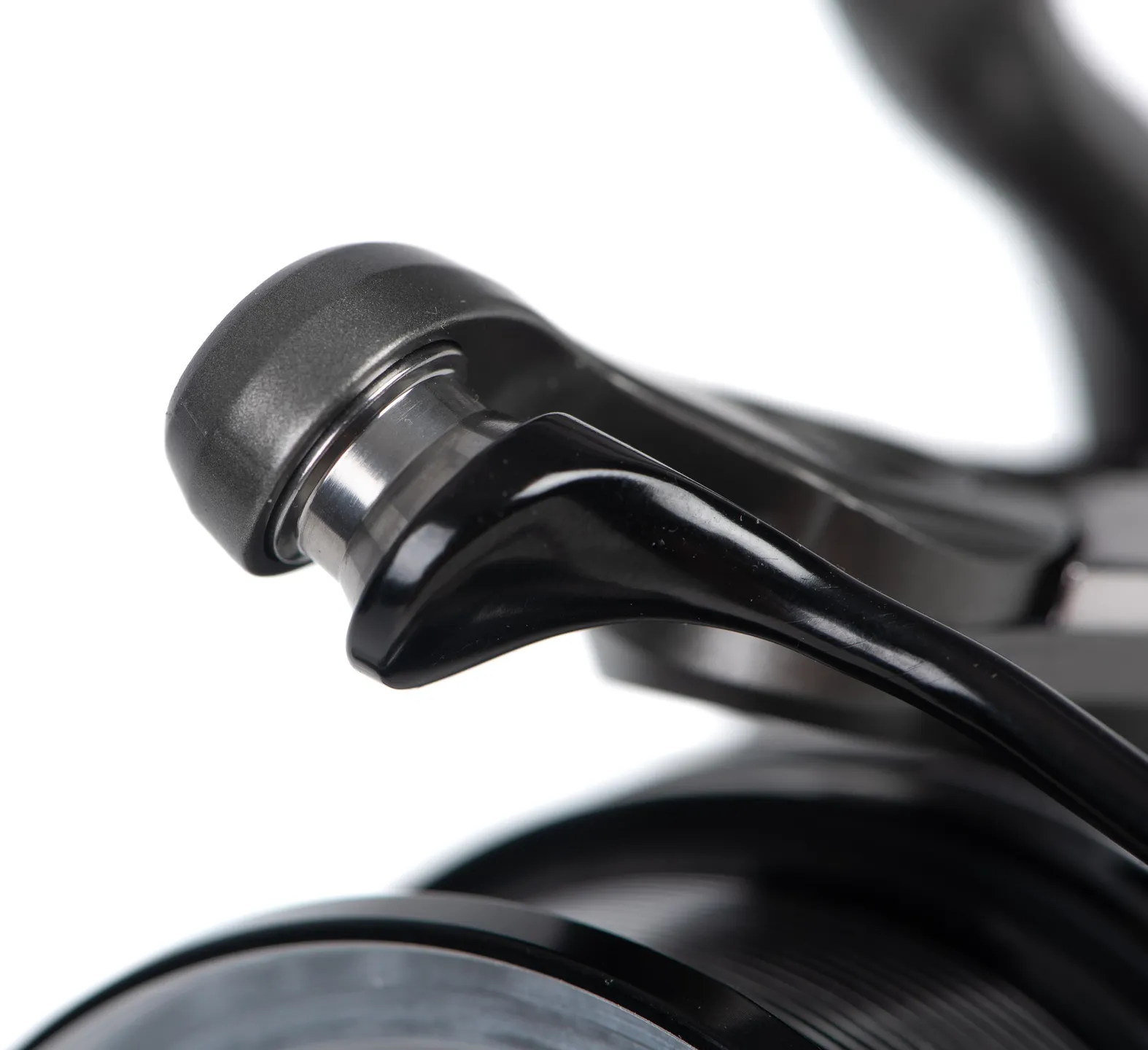 Matrix HX 6000 Pro Feeder 428g 96cm 4.9:1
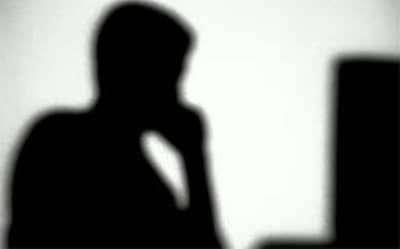 हॅलो, मोदींच्या जीवाला धोका, त्यांना वाचवा !, वाकडच्या इंजिनियर तरुणाचा फेक कॉल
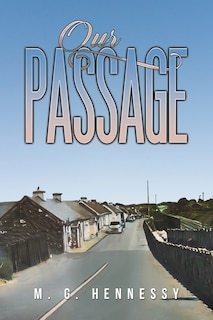 Couverture_Our Passage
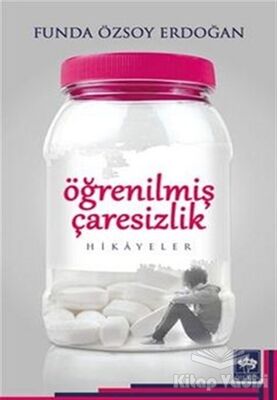 Öğrenilmiş Çaresizlik - 1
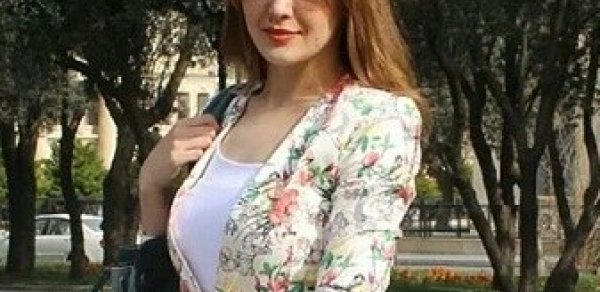 Sülh üçün birləşək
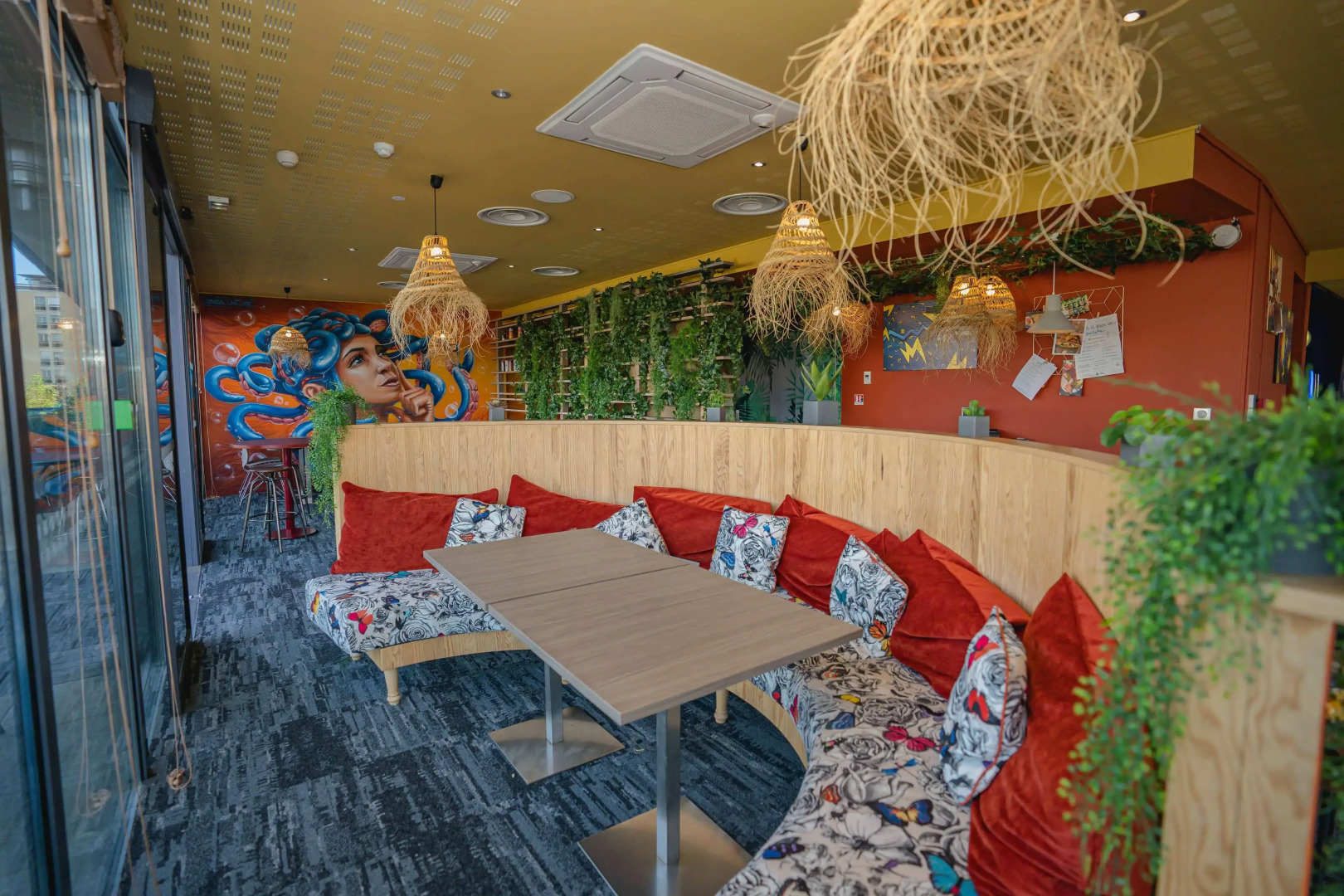 Foto - Best Western Linko Aubagne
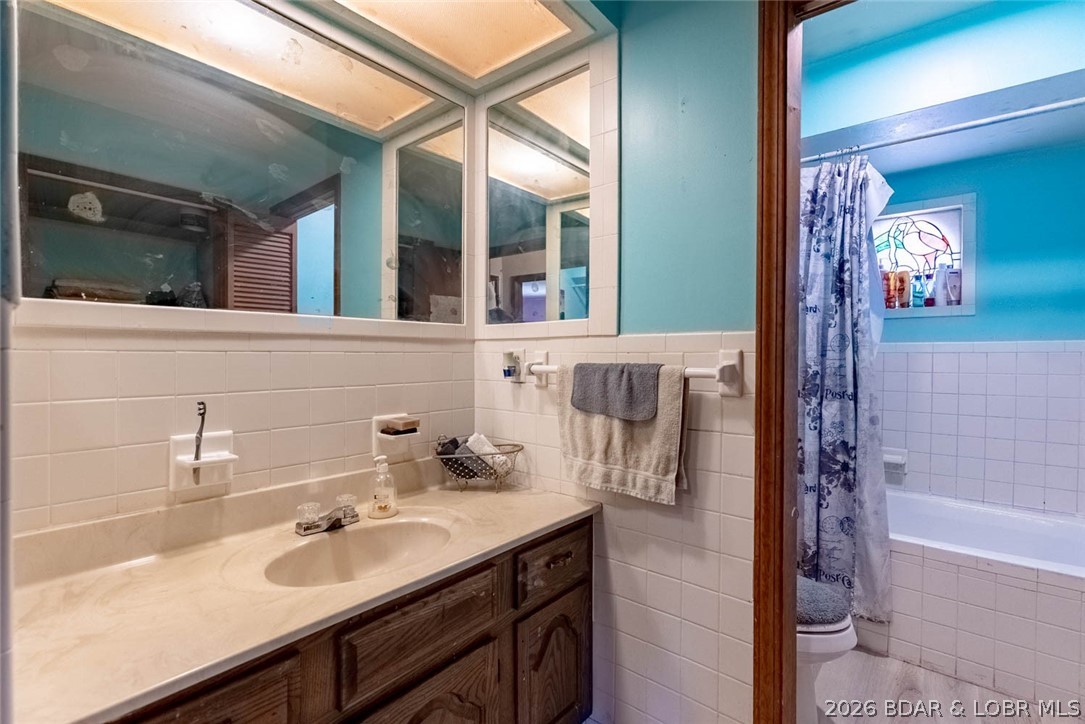 27405 Twin Ridge Road Gravois Mills, MO 65037 - Photo 17 of 80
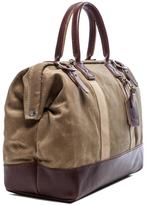 Thumbnail for your product : Billykirk No. 165 Medium Carryall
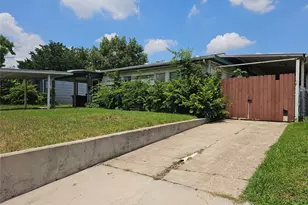 1420 Edney St, Fort Worth, TX 76115 - Photo 1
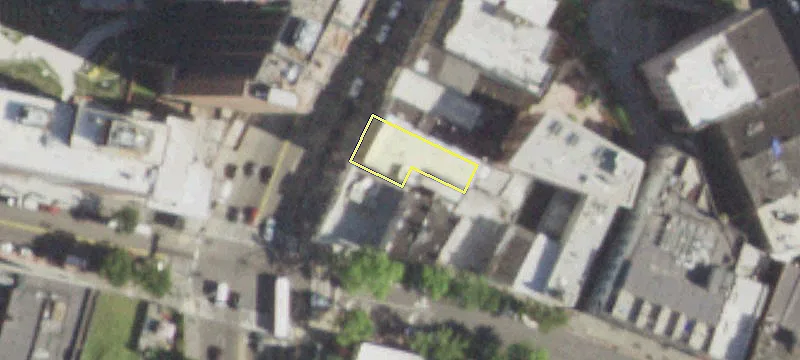 Yonkers Retail Space Available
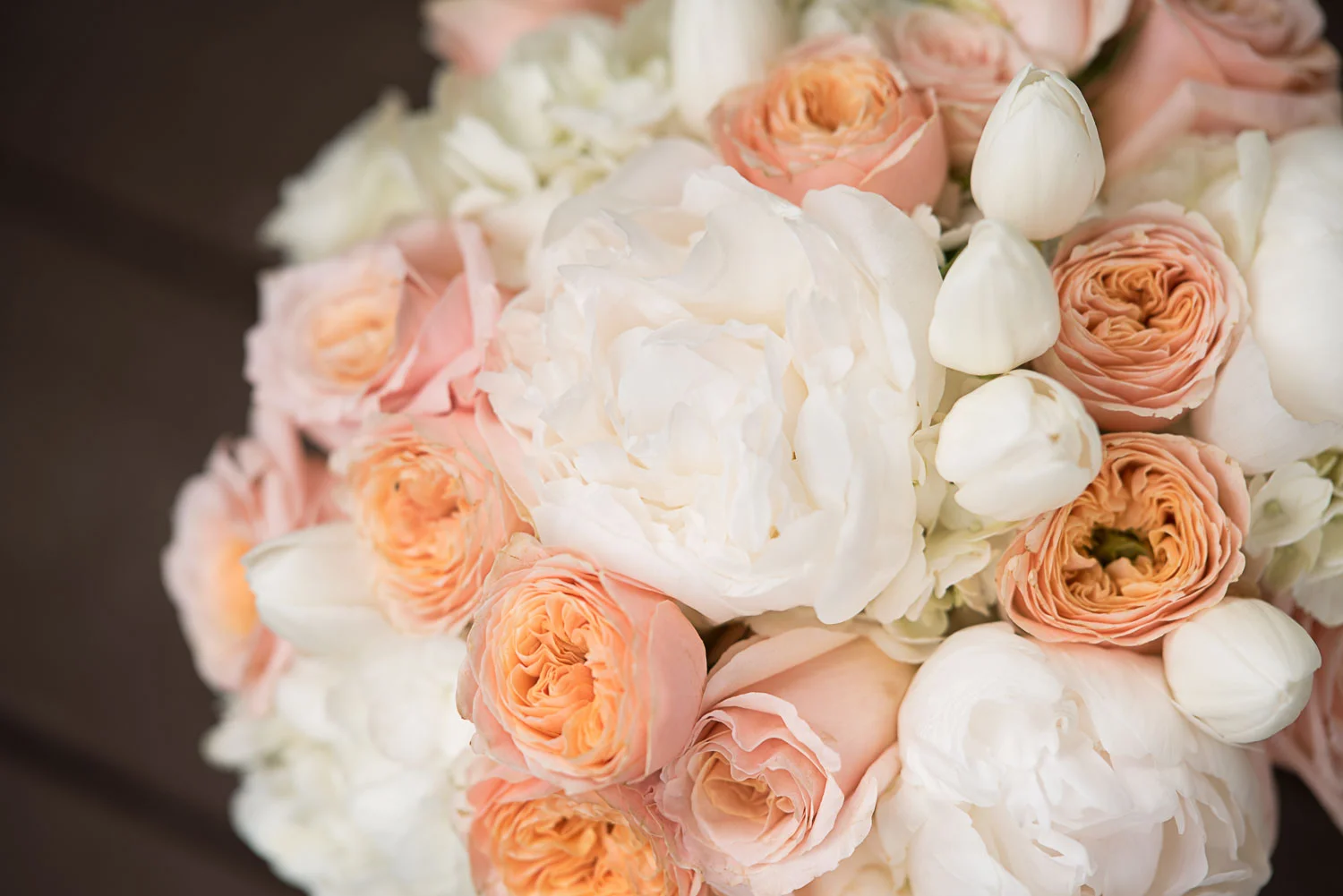 32 Couture Wedding Flowers Kansas City.jpg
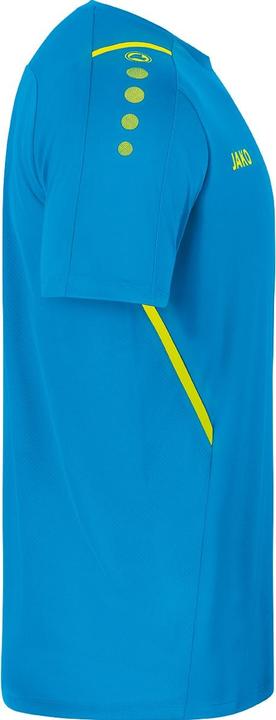 Actual product image JAKO Jersey Challenge (S)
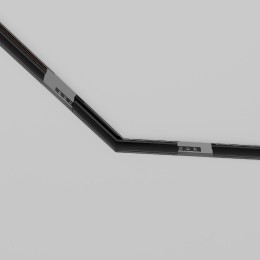 Угол-соединитель Maytoni Technical Accessories for Exility TRA034CLO-42B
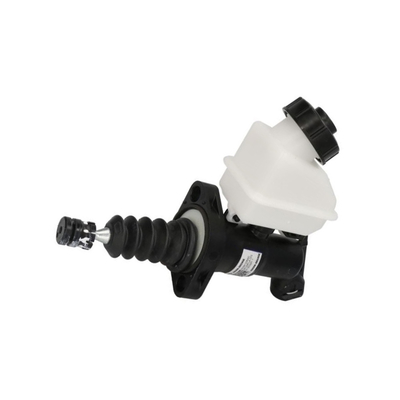 Cinturino principale di frizione K032123N50 Per FH FH16 FM FMX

| Task item |
With the pictures omitted, print each line of the data above precisely as given.

| Answer section |
 Matrix HX 6000 Pro Feeder 428g 96cm 4.9:1
 हॅलो, मोदींच्या जीवाला धोका, त्यांना वाचवा !, वाकडच्या इंजिनियर तरुणाचा फेक कॉल
 Couverture_Our Passage
 Öğrenilmiş Çaresizlik - 1
 Sülh üçün birləşək
 Foto - Best Western Linko Aubagne
 27405 Twin Ridge Road Gravois Mills, MO 65037 - Photo 17 of 80
 Thumbnail for your product : Billykirk No. 165 Medium Carryall
 1420 Edney St, Fort Worth, TX 76115 - Photo 1
 Yonkers Retail Space Available
 32 Couture Wedding Flowers Kansas City.jpg
 Actual product image JAKO Jersey Challenge (S)
 Угол-соединитель Maytoni Technical Accessories for Exility TRA034CLO-42B
 Cinturino principale di frizione K032123N50 Per FH FH16 FM FMX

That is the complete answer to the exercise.